I am reminded, once again, that these enthusiasts do not share my values, beliefs, or interests. Much to my relief (and not at all to my surprise) there were few bikers visiting Gettysburg National Park itself, so the purpose of my trip itself rendered them intentionally distant without making a show of my disgust.
They did add to the atmosphere of visiting a battlefield cemetary by providing a soundtrack of low rumbling explosions in the distance. The conduct by the men on these battlefields feels very very far removed from the sneering spew of black exhaust from gunning engines, but the soundtrack has an eerie resonance.
It dawned on me walking around town that I was suspect as a man of a certain age because I was not sporting a sleeveless Harley Davidson t-shirt. I got side-eyed a number of times before I realized why.

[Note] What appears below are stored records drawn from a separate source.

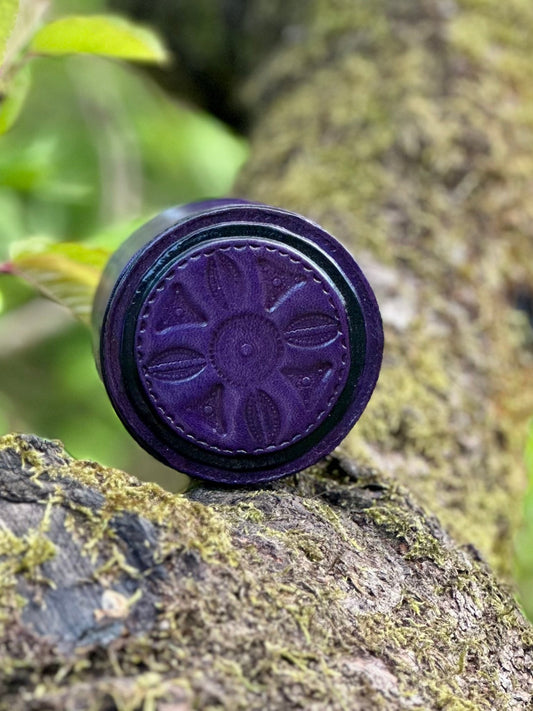 Round African Tuareg Hand - Tooled Purple Leather Trinket/Jewellery Box - Bibianna African Art Collective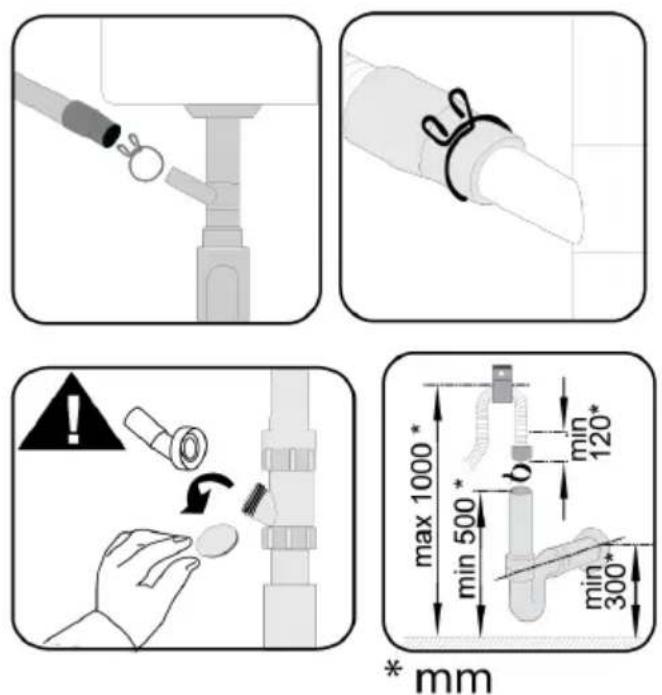BEKO BDIN36461 - Raccordement de la vidange d'eau - 1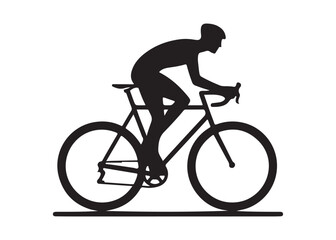 Obraz premium cycling logo silhouette vector, road bicycle race logo silhouette vector illustration, fast cycling transparent silhouette logo, cyclist riding a road bike logo vector silhouette on white background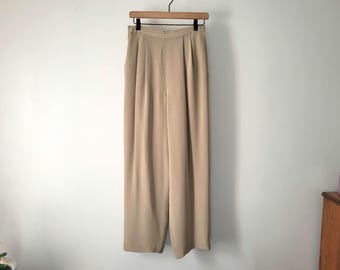Beige Silk Trousers - Pleated Straight Leg - Womens Size 8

I was clearly not like everyone else.
Ironically, they come to Gettysburg for the same reason that General Lee gathered his troops here in late June of 1963. There are ten roads that lead to Gettysburg, coming in from all directions. It is a great place to gather in Southwestern Pennsylvania, even today. Also, through their open allegiance to the Felon in Chief, I could not help but make the association with the Confederate invasion of Gettysburg.

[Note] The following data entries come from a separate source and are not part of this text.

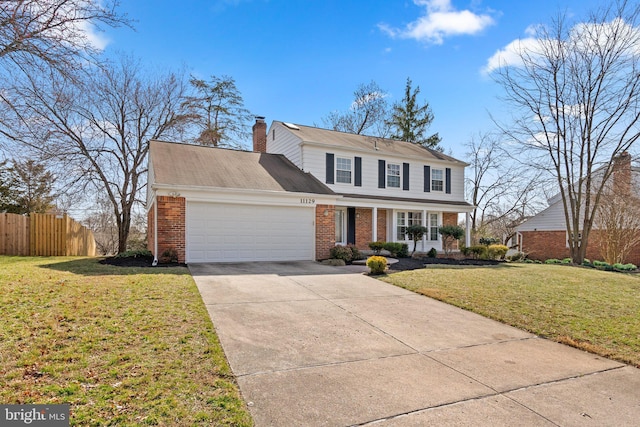 view of front facade featuring brick siding, an attached garage, concrete driveway, and fence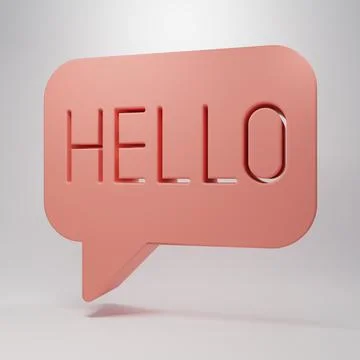 Pink Hello in different languages icon isolated on pink background. Speech .. Stock Illustration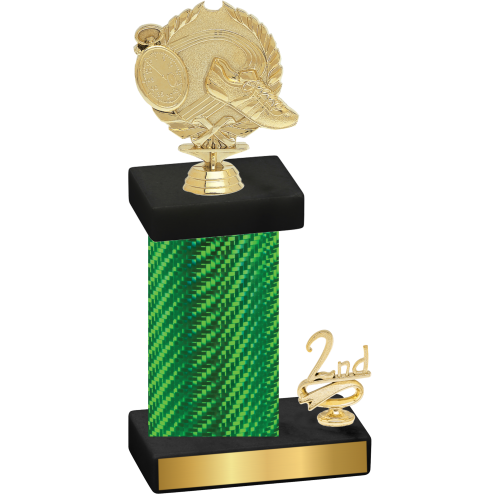 Accented Single Green Carbon Fiber Second Place Running Trophy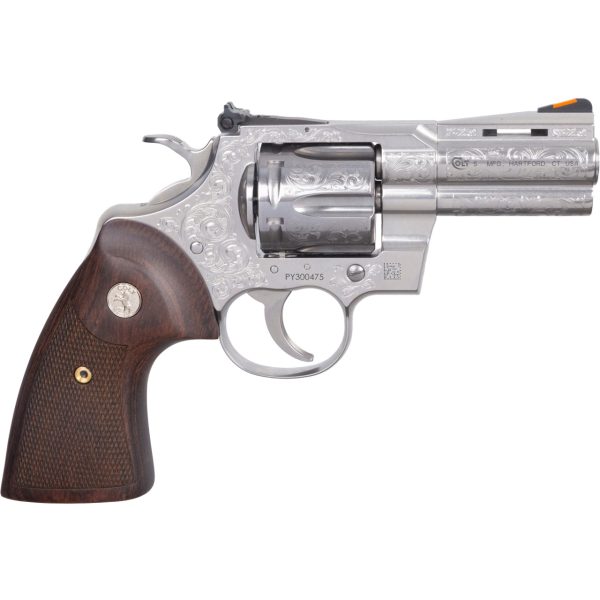 Colt Python 357 Mag, 3" Barrel, Engraved Stainless Steel, 6rd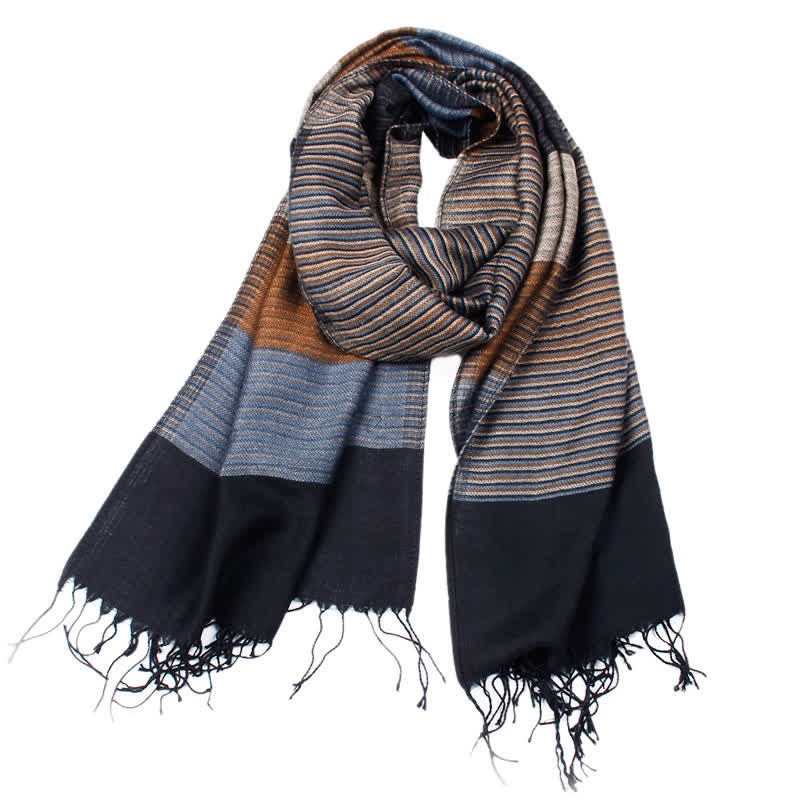 Men's Classical Striped Double-sided Tassel Scarf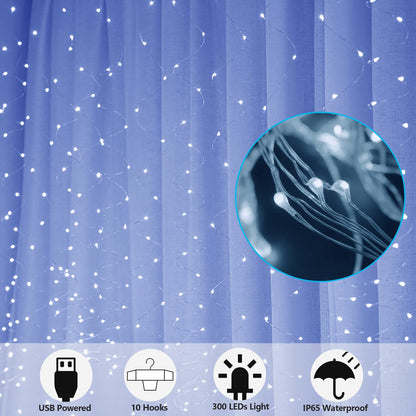 HOME LIGHTING Window Curtain String Lights, 300 LED 8 Lighting Modes Fairy Copper Light with Remote, USB Powered Waterproof for Christmas Bedroom Party Wedding Home Garden Wall Decorations, Cool White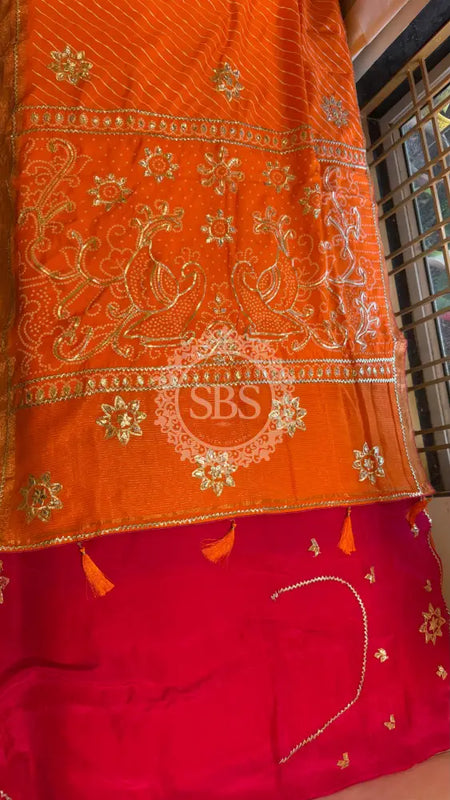 PURE UPADA SILK LEHERIYA MANDANA WORK SAREE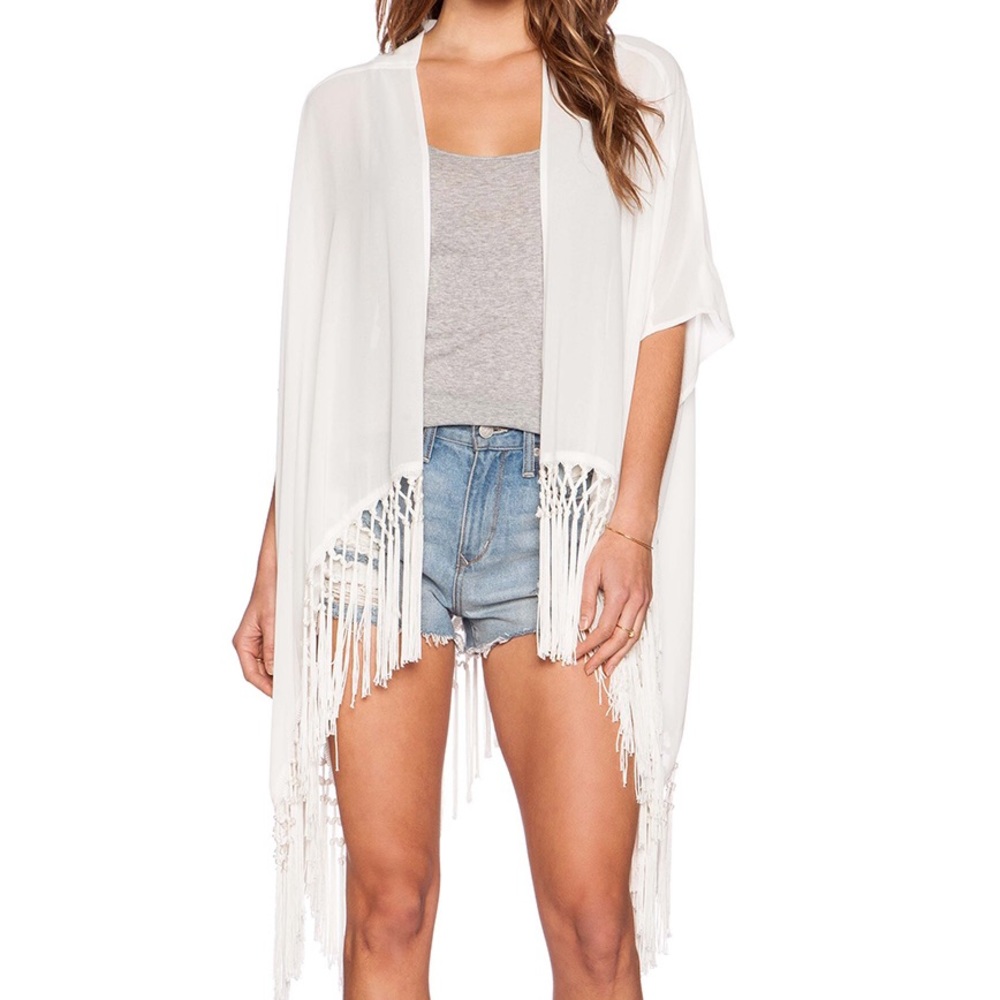 🌟PINK STITCH TESSA KIMONO IN WHITE 🌟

Johnny Reb rides a Harley now.
It struck me how little of a stretch it is to connect the Confederacy to MAGA. The Confederates originally referred to the CIvil War as the Second American Revolution; they genuinely believed that the Constitution and the Declaration of Independence represented foreign rule to Southern states analogous to King George III. They did things differently, and all they wanted was to be left alone to govern themselves.

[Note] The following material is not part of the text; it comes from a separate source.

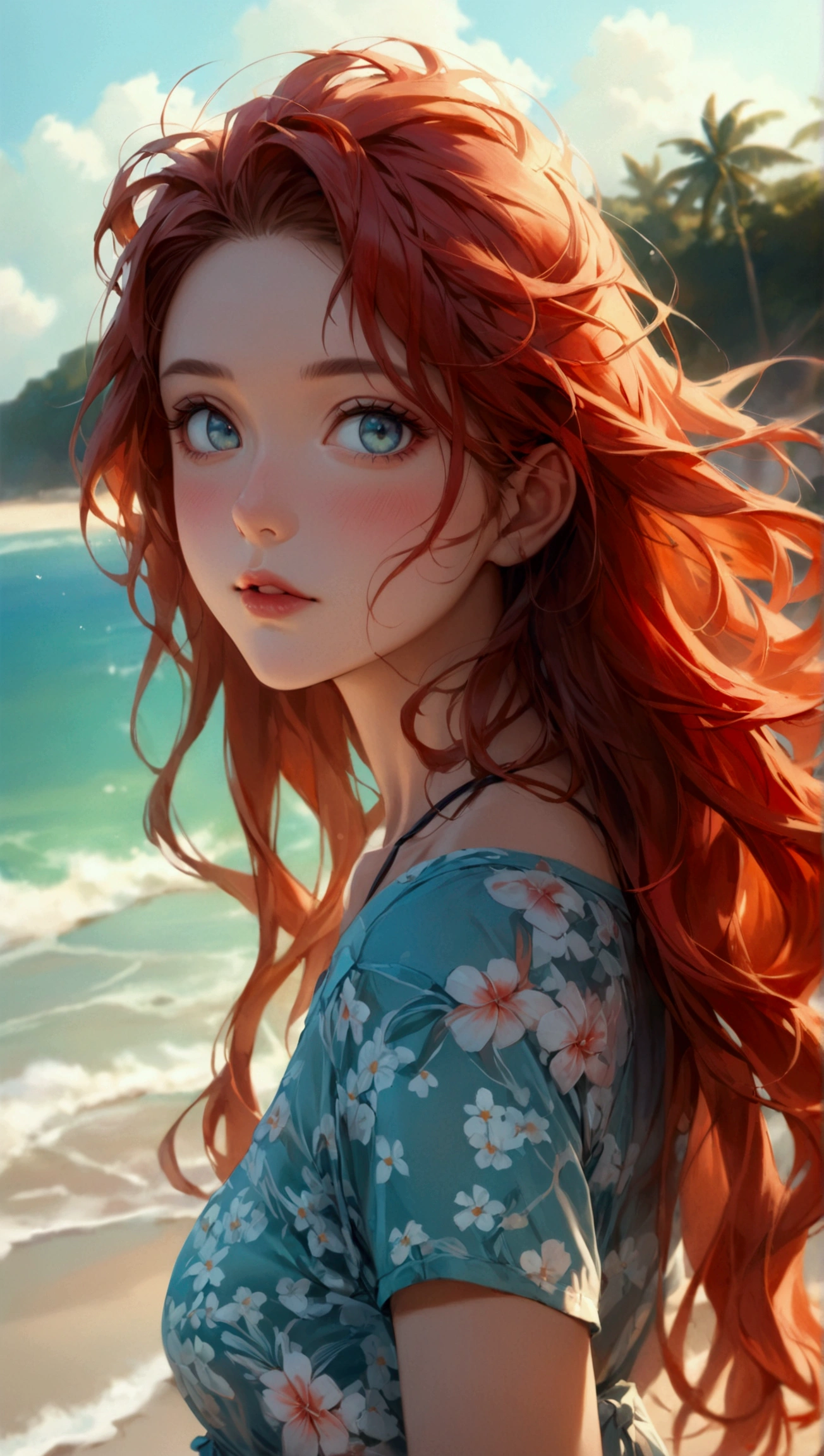 (best quality,ultra-detailed,photo-realistic:1.37), A full-body cinematic shot from below captures a young and cheerful Irish woman at leisure walking on the sandy shore. Under the blue sky with fluffy white clouds, her long wavy red hair is flowing in the ocean breeze, as she subtle looking back at the camera, giving the view a gentle blush. Her square face is adorned with pale-green slanted eyes, low cheek bones, Roman nose, square chin and glossy lips. Her cool-undertone fair complexity matches very well with her beach outfit featuring a gray t-shirt paired with a tiffany-blue bikini pants in floral print, accentuating her carefree moment at the beach. The shot is set against an aquamarine coastline in the evening overlooking the deep blue ocean, and tropical flora swaying in the gentle breeze. (full-body shot), (anatomically correct), (walking), (looking back the viewer), (from below), (square face, square chin, slanted eyes), intricate details, very fine, ((wide angle)), (gray t-shirt, bikini pants), vibrant colors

But, much like today, they couldn’t pay their way. MAGA states take more material wealth from the government than they send. Confederate states seized material wealth from the forced labor of the enslaved. They couldn’t support themselves then, and they still can’t.
Lee’s entire plan was forced by the fact that after three years the Confederacy was running out of resources. The Union overwhelmed then in every category. The only chance they had to get to a negotiated settlement would be by breaking the will of the Union to continue the fight through terrorism in Southwest Pennsylvania. Gettysburg had no military value, it was simply a good place to concentrate a fighting force.
Lincoln was facing a tough re-election. If the Democrats won in 1864, the South could sue for peace and keep their slaves, and slavery. There was a significant political peace movement in the North. Destroying the Army of the Potomac witha surprise attack in a place that offers a striaght march to Washington DC was not a crazy strategy. If Lee and Stuart had better luck, things could have been very different.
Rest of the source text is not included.